## LISTED ENTRIES
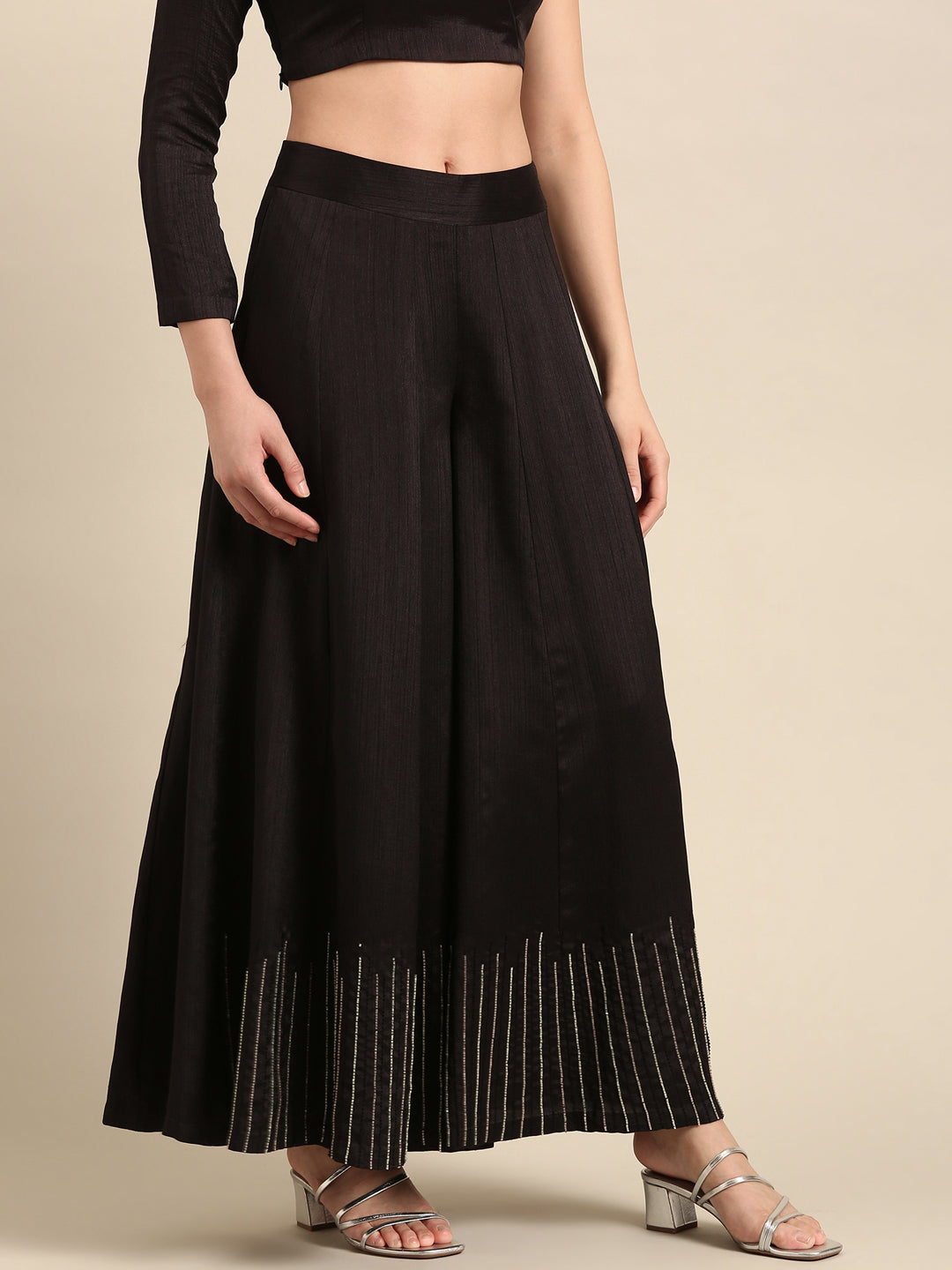 Black Embroidered Palazzo Pant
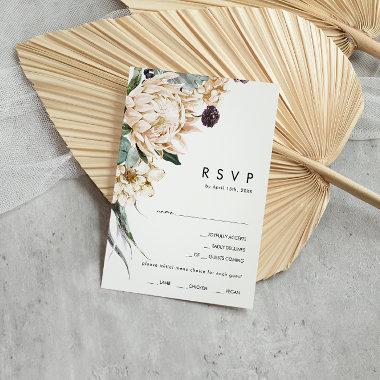 White Floral Menu Choice RSVP Card
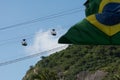 Sugar loaf cable car and brazilian flag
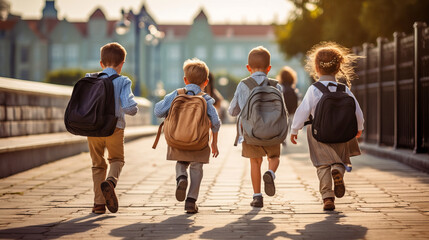 A group of energetic elementary school kids leaving school or went to school. School kids with backpacks running to school. Back to school. Created with Generative AI technology.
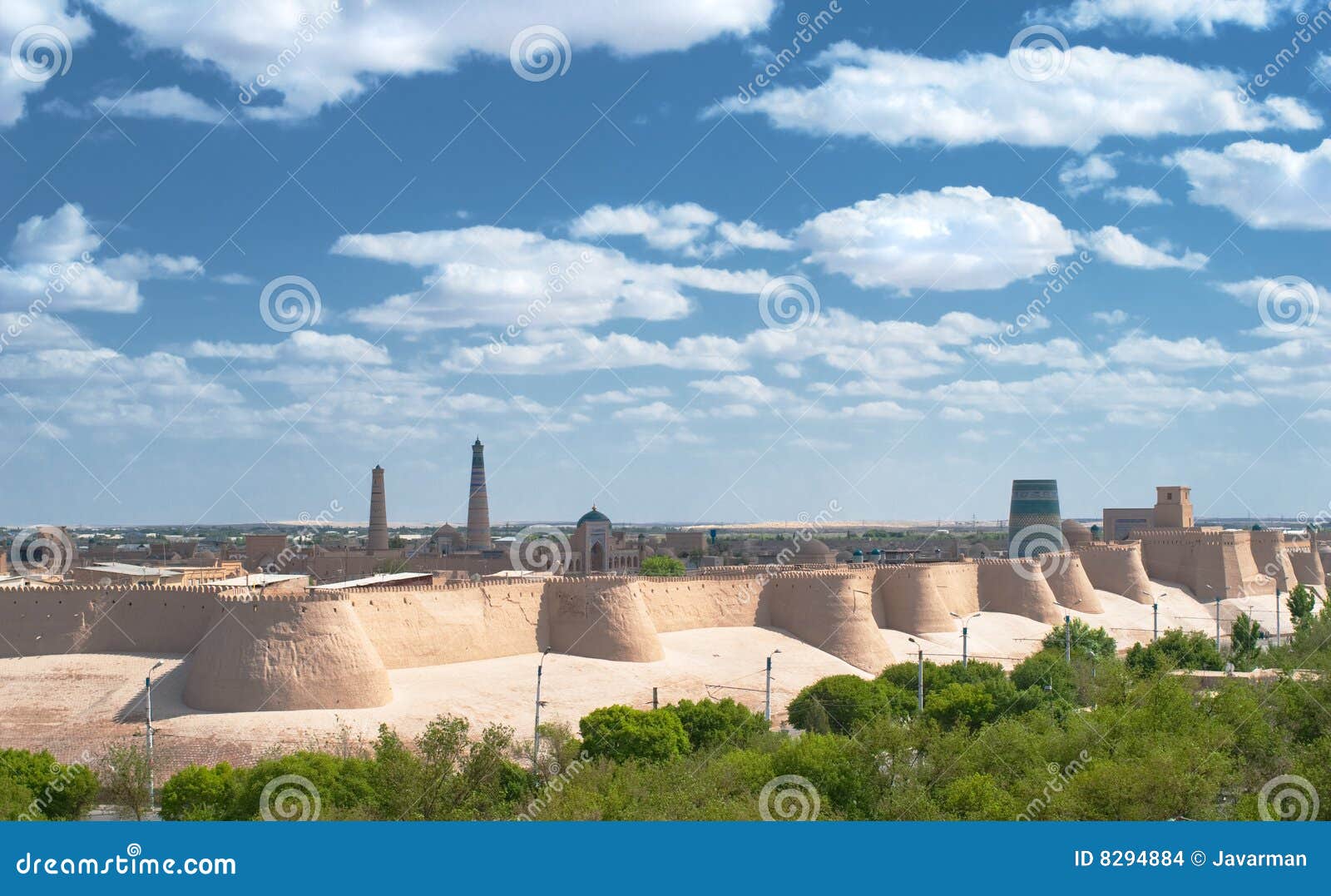 panorama of an ancient city of khiva, uzbekistan
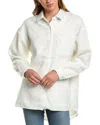Chaser Lurex Boucle Blake Button-down Shacket In White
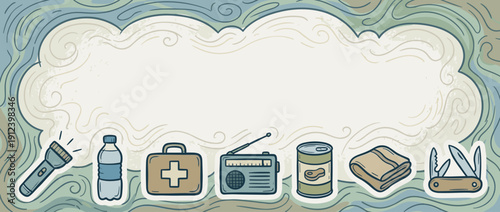 Emergency Preparedness Kit Banner Illustration with Icons for Flashlight, Water Bottle, First Aid, Radio, Canned Food, Blanket, and Multi-tool on a Decorative Panoramic Background with Copy Space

## WHAT TO PRODUCE
Pictures are not part of the copy; retype all the other material exactly.

## TASK OUTPUT
 Black Embroidered Palazzo Pant
 White Floral Menu Choice RSVP Card
 Sugar loaf cable car and brazilian flag
 A group of energetic elementary school kids leaving school or went to school. School kids with backpacks running to school. Back to school. Created with Generative AI technology.
 panorama of an ancient city of khiva, uzbekistan
Chaser Lurex Boucle Blake Button-down Shacket In White
 Emergency Preparedness Kit Banner Illustration with Icons for Flashlight, Water Bottle, First Aid, Radio, Canned Food, Blanket, and Multi-tool on a Decorative Panoramic Background with Copy Space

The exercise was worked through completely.